Adapun kegiatannya berupa pelatihan kader dakwah digital di lingkungan Pesantren. Topik pelatihan “Santri Anti Baper Digital: Pengembangan Narasi Moderasi Beragama Pada Komunitas Pesantren”. Untuk teknis pelaksanaan PkM, beberapa institusi lain juga dilibatkan dalam pelaksanaannya, antara lain Madrasah Damai, Islamic Center Kajen (ICK).
.jpeg)
Pemateri Dr. A. Dimyati, M.Ag menuturkan, program pengabdian kepada masyarakat ini menyasar sejumlah pondok pesantren di Kajen dan sekitarnya. Pihak-pihak yang akan terlibat dalam program ini adalah pengasuh muda pondok pesantren dan santri senior.
“Harapan melibatkan pengasuh muda pondok pesantren dan santri senior ini adalah mampu merubah paradigma berpikir dalam membuat kebijakan pesantren yang bisa beradaptasi dengan perkembangan zaman tanpa harus meninggalkan nilai-nilai kepesantrenan yang telah dibangun,” tutur Dosen IPMAFA yang juga menjabat sebagai Wakil Rektor Bidang Akademik I.
Dimyati menambahkan, tujuan diselenggarakannya kegiatan ini adalah membangun sumberdaya pesantren yang memahami transformasi budaya digital.
“Sehingga para santri tidak canggung untuk mentransformasikan nilai-nilai pesantren supaya dikenal dalam dunia digital dan para santri diharapkan mampu untuk menjadi bagian dari aktor yang mewarnai dunia digital dengan konten keagamaan yang moderat,” papar Dimyati.

Pada kesempatan selanjutnya, Kamilia Hamidah, MA menyampaikan materi Media Sebagai Ruang Dialog dan Membangun Narasi Agama. Dalam materi tersebut para pengasuh muda maupun santri diberikan bekal tentang bagaimana mengetahui karakteristik dan budaya dunia digital di era keterbukaan informasi.
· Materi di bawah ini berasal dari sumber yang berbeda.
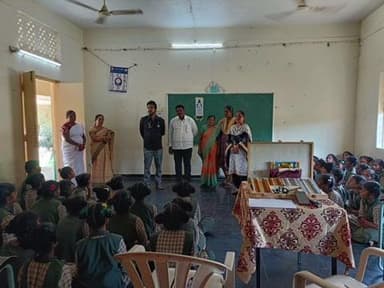 ఉరవకొండ: కస్తూరిబా గాంధీ బాలికల కళాశాలలో విద్యార్థినులకు కంటి వైద్య పరీక్షలు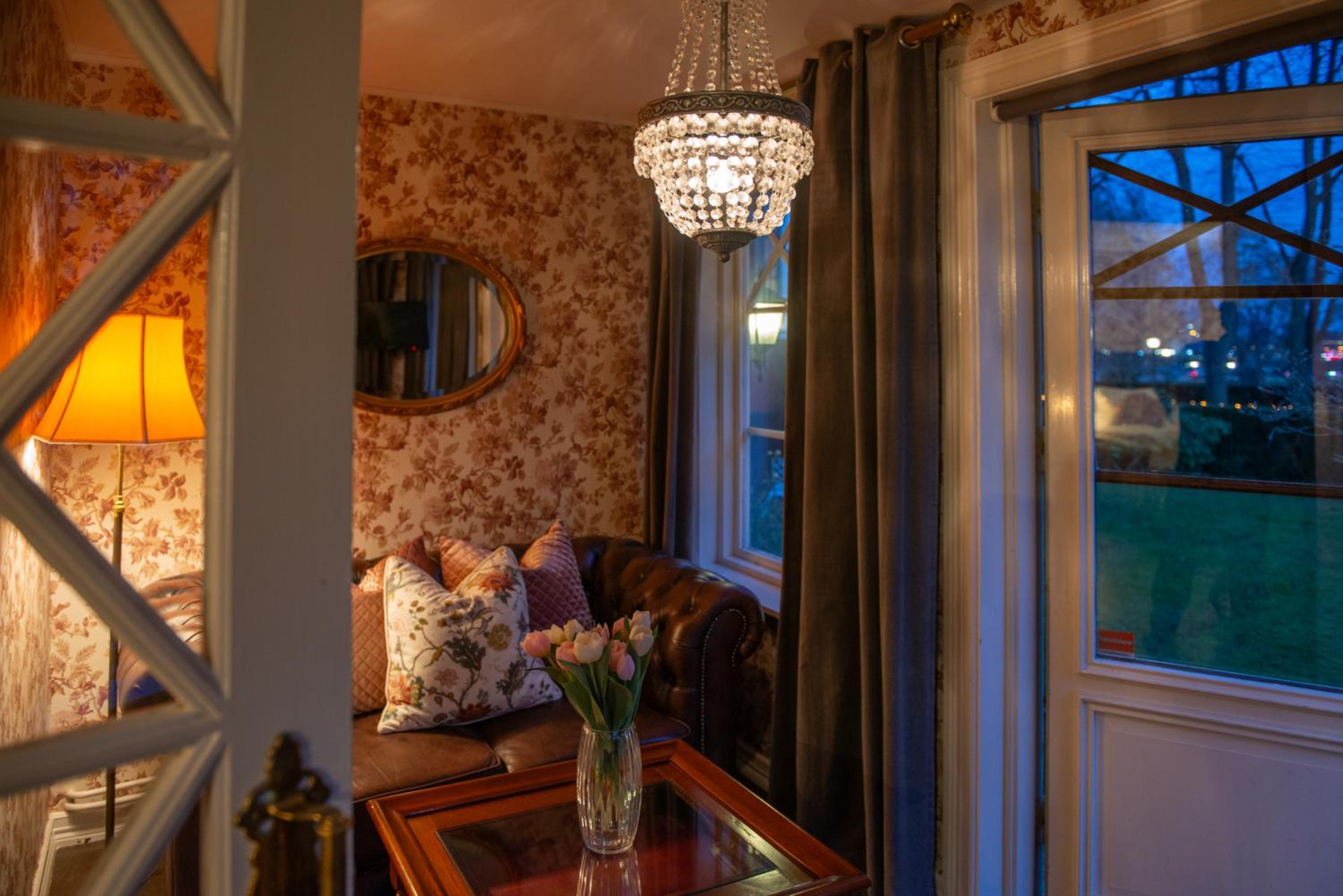 Junior Suite with Garden View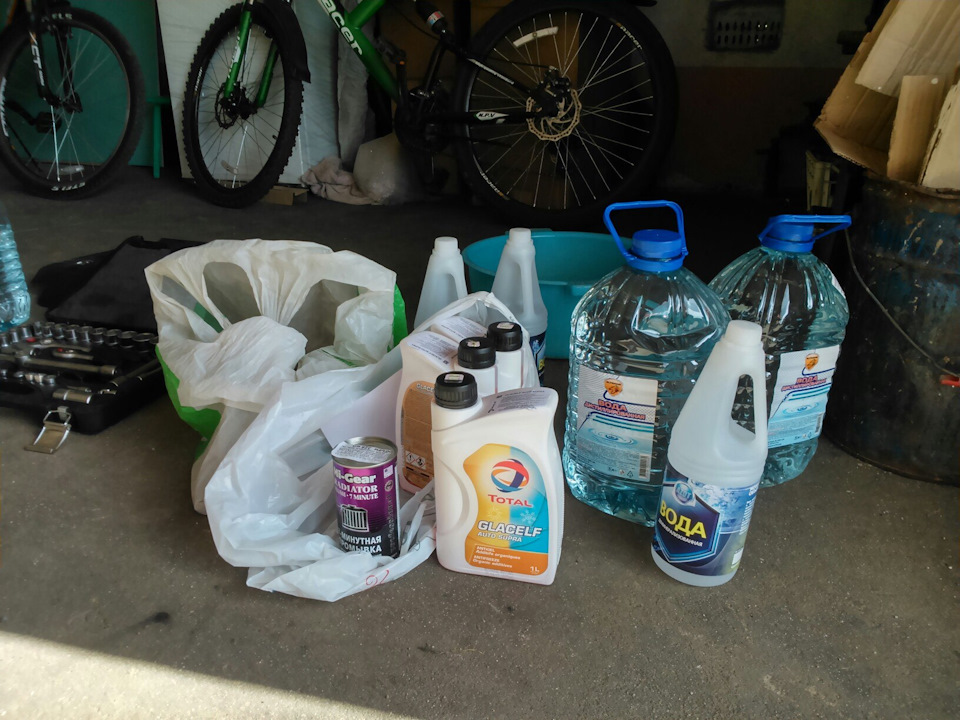 Замена антифриза с промывкой системы охлаждения — Peugeot 307, 2 л ...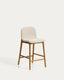 Tabouret Elnor en chenille beige avec pieds en bois de chêne finition naturelle 65 cm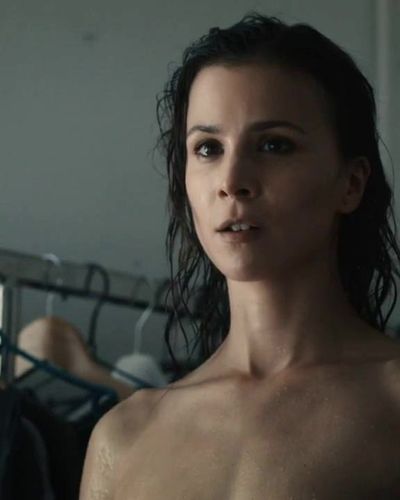 Ayşe Tezel seksi ifşa fotoğrafı 18 — Die Informantin - Der Fall Lissabon (2019)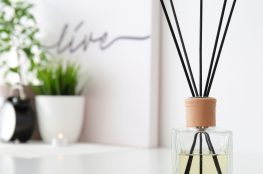 https://www.bdivinearoma.com/how-to-make-your-home-smell-amazing-without-toxic-chemicals/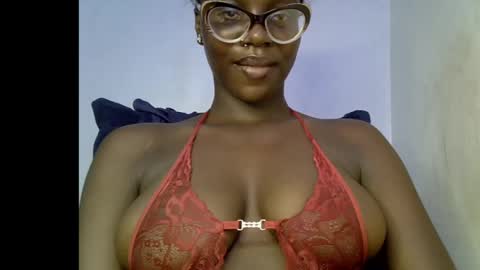 Snapshot of black_petitqueen12 chatting on 03-19-26, 07:18 BLACK online show from 03-19-26, 07:18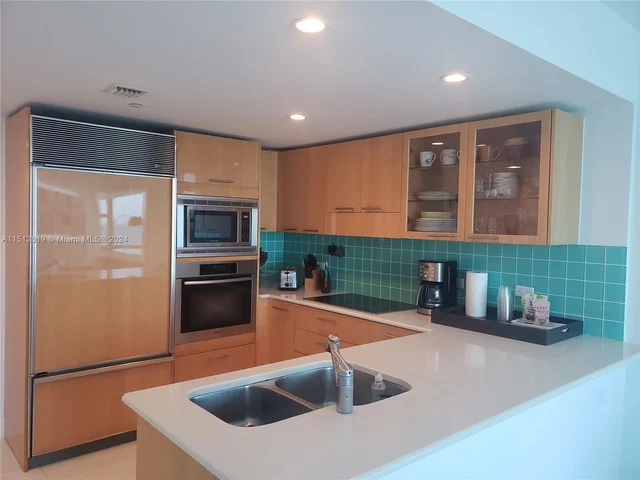 6801 Collins Ave, Miami Beach FL 33141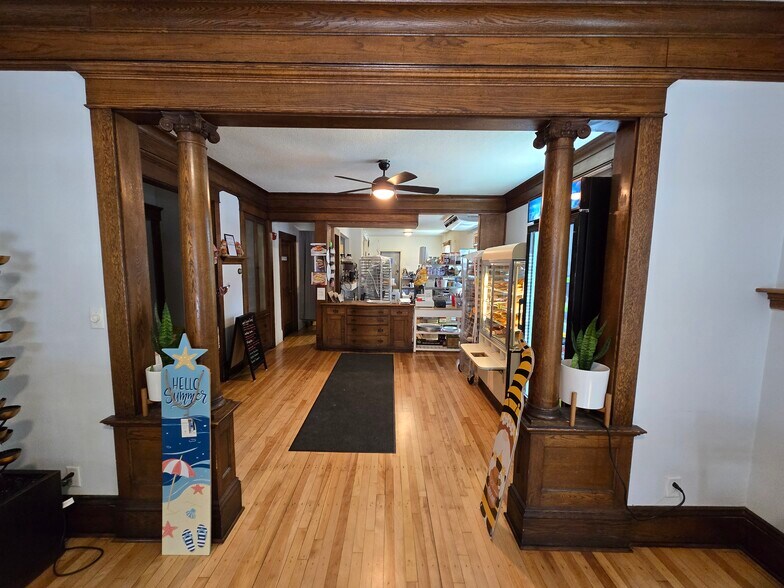 More Photos Of 2409 S Lyndale Ave, Minneapolis Multifamily For Sale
Menurut Kamilia, dalam menghadapi tantangan dunia pesantren saat ini memerlukan peran masyarakat pesantren. Dimana agama kerap dijadikan pembenaran terhadap aksi-aksi intoleransi, konservatif dan sebagainya.
“Baik yang masih mengenyam pendidikan di pondok pesantren atau alumni pondok pesantren untuk memberikan wawasan keagamaan, terutama agama Islam yang ramah melalui narasi-narasi alternatif untuk menangkal ujaran kebencian, baik di media sosial maupun aksi sosial dengan pendekatan dialog agama,” terang Kamilia.
Dalam materi Kekerasan Gender Berbasis Online, Sri naharin, MSI menyampaikan bahwa ada begitu banyak model kekerasan yang bisa merubah kondisi personal baik secara fisik, psikis, hingga pemaksaan hak melalui kejahatan siber.
“Pengasuh muda dan santri dibekali pengetahuan untuk mengidentifikasi kekerasan berbasis gender online serta dampak yang diterima korban,” terang Naharin.

Pemateri terakhir, Siti Asiyah, M. Sos menyampaikan materi Etika Sosial Agama dan Aktivisme Digital. Tema tersebut membicarakan tentang batasan-batasan serta etika dalam bermedia dengan tanpa harus menyinggung orang lain.
“Sehingga komunitas digital berbasis pondok pesantren terutama Kajen dan sekitarnya dapat terbangun, serta cakap digital dan mampu beradaptasi menghadapi arus informasi digital tanpa harus meninggalkan nilai dan budaya pesantren,” ungkap Asiyah.